Assassinio sull’Orient-Express




L’Orient-Express occupa un posto fondamentale nell’immaginario collettivo degli appassionati di letteratura poliziesca. Il libro di cui parleremo, come avrete probabilmente già capito, è Assassinio sull’Orient-Express, della famosissima scrittrice Agatha Christie. Il libro ha visto la luce nel 1934  e ancora oggi rappresenta il fiore all’occhiello della compagine di romanzi polizieschi. Composto da 215 pagine, il capolavoro di Agatha Christie ha come protagonista l’impareggiabile Hercule Poirot, un investigatore belga di fama mondiale chiamato a risolvere un delitto scomodo a bordo del famosissimo treno.
Durante un viaggio di lavoro Poirot incontra un suo vecchio amico, un certo signor Bouc, direttore della compagnia internazionale dei Vagoni Letto. I due hanno giusto pochi giorni per ricordare i vecchi tempi prima che la morte di un certo Samuel Edward Ratchett sconvolga i loro piani.

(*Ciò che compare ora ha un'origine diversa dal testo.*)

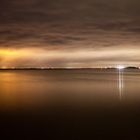 Ijsselmeer bei nächtlicher Windstille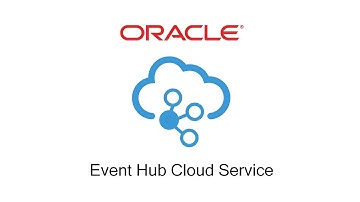 Create Oracle Event Hub Cloud Service Instance
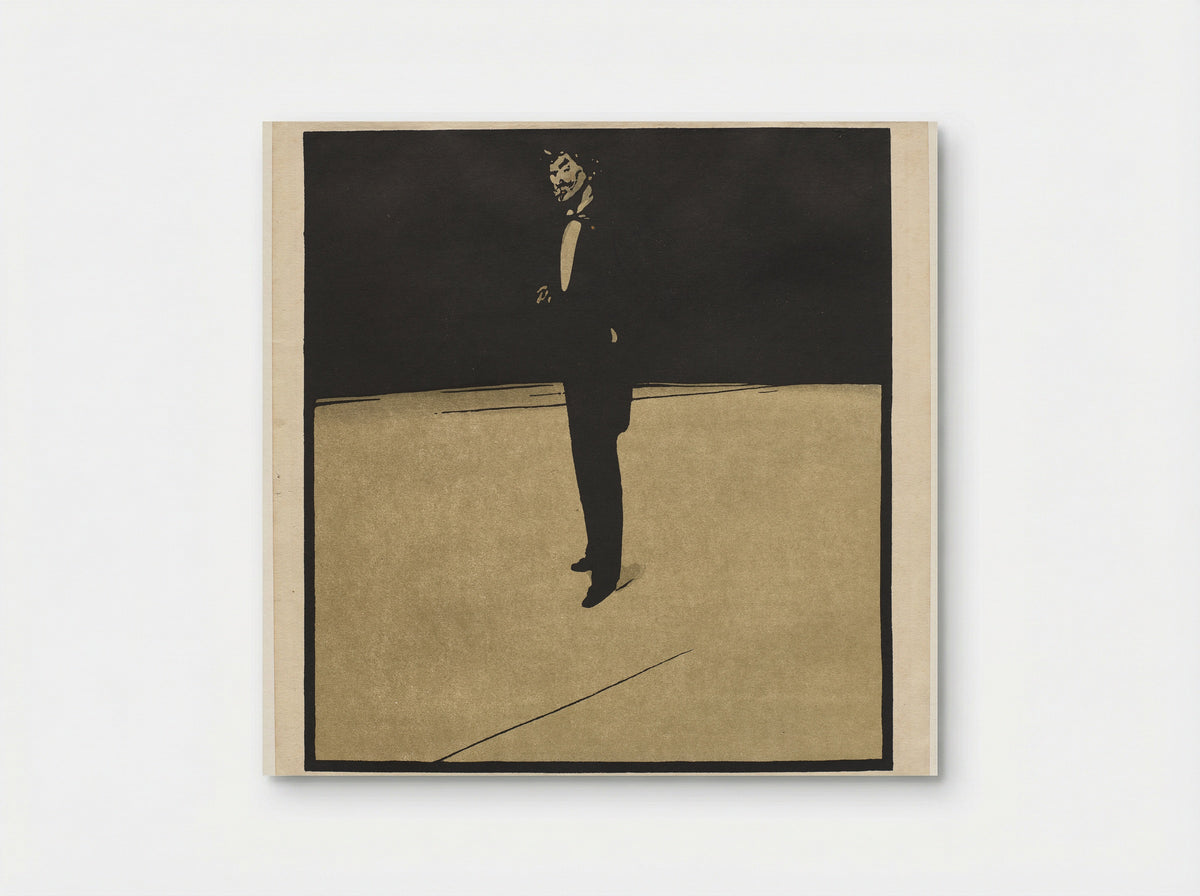 Twelve Portraits: James McNeill Whistler - William Nicholson - Poster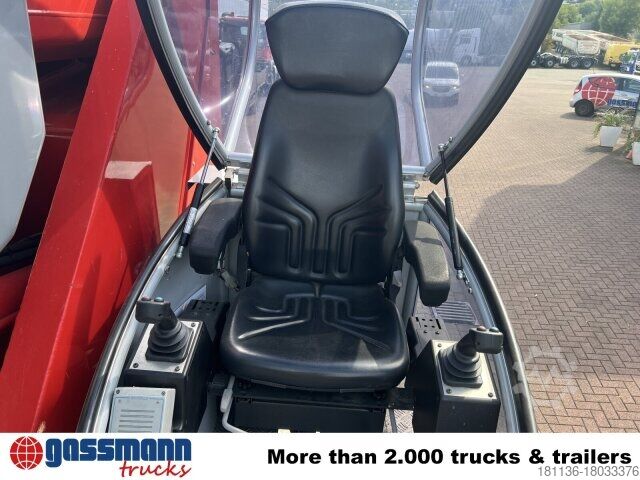 Speciale doeleinden vrachtwagen MAN TGA 18.350 4x2 Teleskopmast TM 32 Marte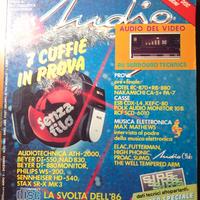 rivista AUDIO REVIEW n° 45 del 1985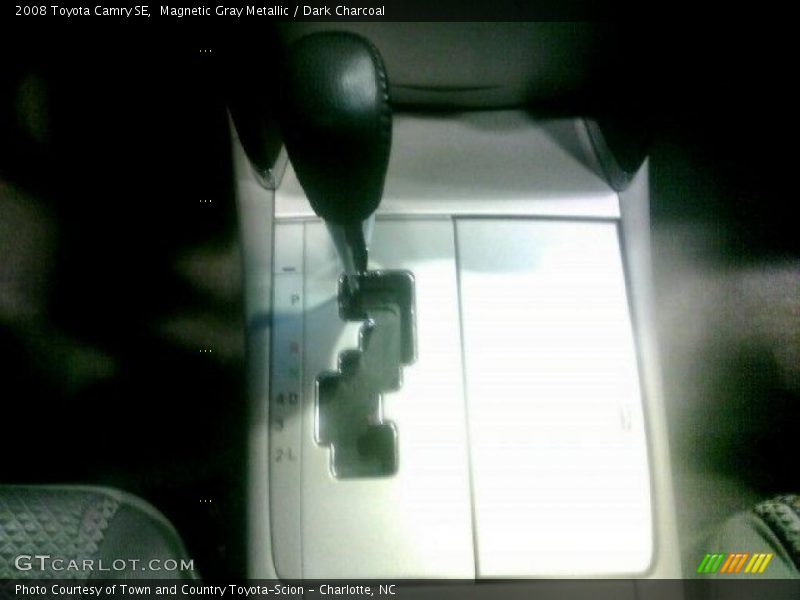 Magnetic Gray Metallic / Dark Charcoal 2008 Toyota Camry SE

Arriviamo al delitto: un ricco uomo americano in viaggio d’affari di nome Samuel Edward Ratchett, dietro cui si cela il latitante Cassetti, già responsabile della morte della piccola Daisy Armstrong,  viene trovato morto nello scompartimento di fianco a quello dell’investigatore Poirot. L’indomani, quando viene scoperto il cadavere, Poirot e il dottor Constantine, in quel momento a bordo del treno, si recano ad ispezionare il luogo del delitto e il cadavere dell’uomo.
In questa circostanza Poirot nota un foglio bruciato sul comodino dell’uomo, che però aveva conservato una parte di esso ancora intatta, quella più importante, quella che svelava la sua reale identità. Una volta appurato che l’identità di Ratchett risponde a Cassetti, ecco che i pezzi di questo complicatissimo puzzle cominciano ad essere più chiari. Seguono numerosi interrogatori ai passeggeri del treno che, però, non svelano molto di più.
Dunque alla fine la mente geniale di Poirot produce due interessanti ipotesi, entrambe alquanto veritiere. Solo una di queste, però, porta direttamente al nome dell’assassino … (che qui non sveleremo!)
Molti sono i momenti in cui la grande creazione di Agatha Christie, ovvero Poirot, esegue ragionamenti geniali, che a persone normali come Bouc risultano privi di fondamento, e che a volte sembrano rasentare la follia. In realtà, però, tali ragionamenti alla fine si rivelano parte fondamentale per la risoluzione del caso.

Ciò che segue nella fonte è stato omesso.